Войска потянулись к близким перевалам, через которые можно проникнуть в баронство. Колонна растянулась более чем на километр из за того, что имеющиеся лошади тащили пушки, и добытые в схватке трофеи: золотые украшения главнокомандующих, изваяния в благородном металле изображения Бравомира и прочие ценности в изрядном изобилии водившиеся у самых высших чинов хошбанов. Вернемся в тундру, когда залижем раны, заложим новые города, соорудим рудники в богатых месторождениях северной стороны Градии.
— Ты не чувствуешь укоров совести, — спросил веселый и слегка усталый Евмен. Он ехал рядом со мной и группой высших офицеров в середине колонны. Было видно что он шутит, но я воспринял вопрос серьезно.
— А что ты чувствуешь убивая крысу в своем доме? — сказал я твердым голосом. — Чувствуешь только облегчение и удовлетворение, что грозящая тебе и твоей семье опасность, ликвидирована. Можно только лишь радоваться, что север теперь наш. Одно дело люди. Обычные нормальные люди. Которые растут и развиваются естественным образом. Другое дело зачатые в столь изуверских условиях, рожденные невольницами, насилуемыми отвратительной тварью. Ты сам видел, что хошбаны — исчадья зла, только и созданные для того, чтобы истреблять и убивать все живое.

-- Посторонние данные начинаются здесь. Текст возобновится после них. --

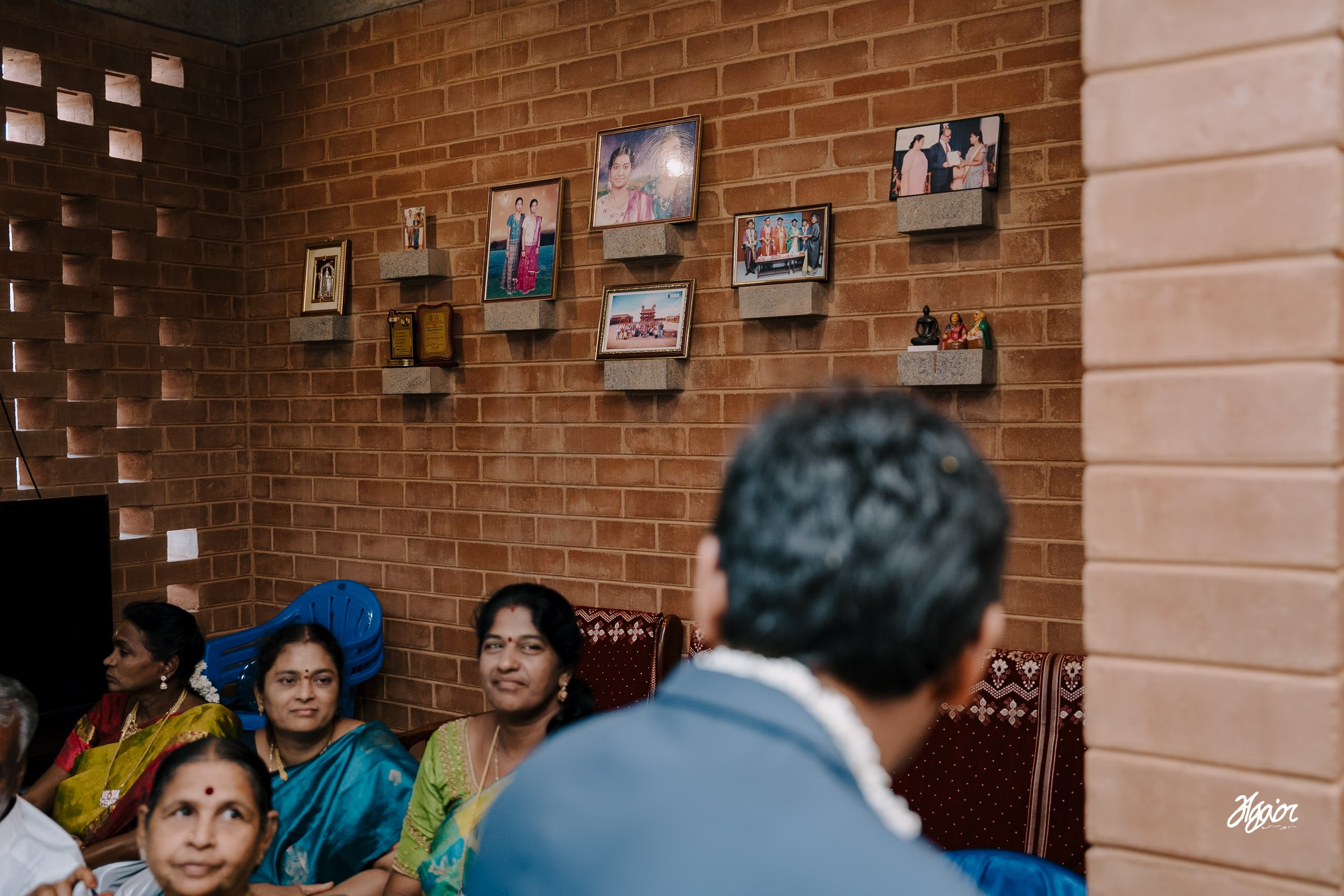 Wedding documentary photography in Pondicherry. Agam Vizha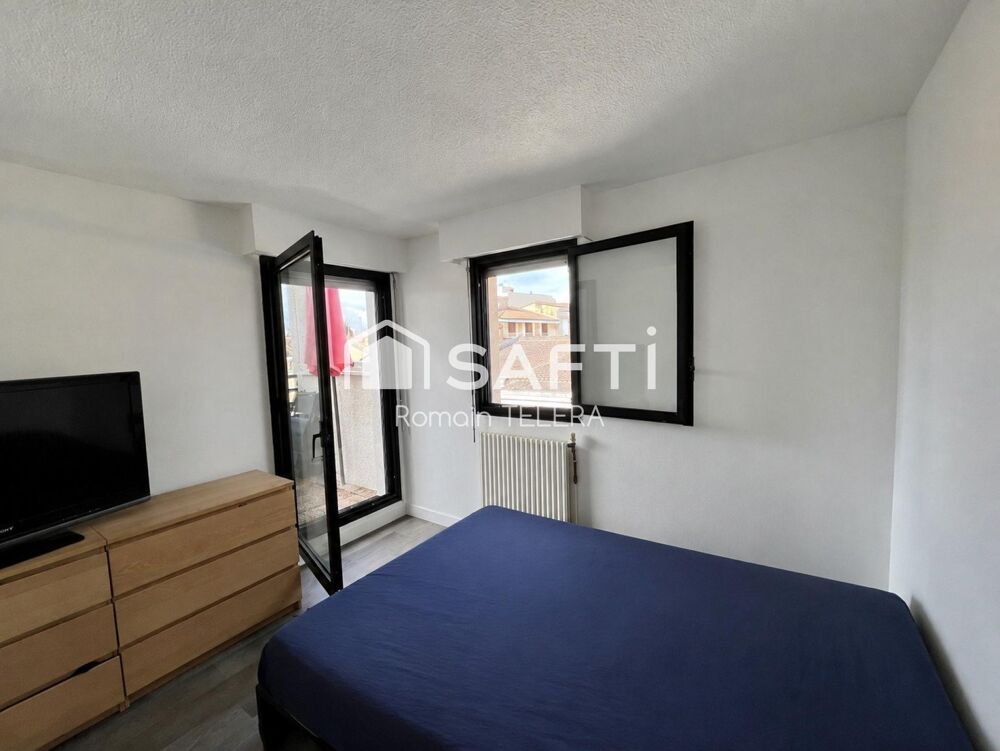 Vente Appartement Nansouty : T2 de 38 m² avec vue dégagée, balcon et place de parking Bordeaux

— Наш народ кочующий тысячелетиями по тундре, воспринял их появление как предвестник апокалипсиса, — став вслед за мной более серьезным, ответил Евмен. — Изначально они были крайне агрессивны, не шли ни на контакт, ни на торговлю. Было видно, что это искусственные порождения, машины для убийства. Улуны век назад, истребили за создание этих тварей князей проклятых земель Ульвии и Зола, нечестивых Залдонов, сровняв с землей все их владения. Умерли десятки тысяч человек. Стена песка обрушилась на пастибища, погребая под собой человеческие жилища, замки и дворцы аристократии. С тех пор эти места считаются проклятыми. Но хожбаны, словно тараканы, сумели выжить и расплодиться. Вытеснили нас из тундры. Еще бы год и они хлынули бы через перевалы, избавившись от своих главных соперников — номадов. Ты великий полководец и стратег! Я горжусь, что могу служить тебе!
— Хватит, хватит, — перебил я Евмена, который становился все более красноречивее. — Я руководствовался целесообразностью и выгодностью момента. Те же хошбаны всего лишь звенья огромной и сложной игры, затеянной Орденом Верных для главенства над миром. Небольшое промедление и наши шансы выжить сильно бы уменьшились. Но, поверь, впереди нас ждут значительно более сложные испытания.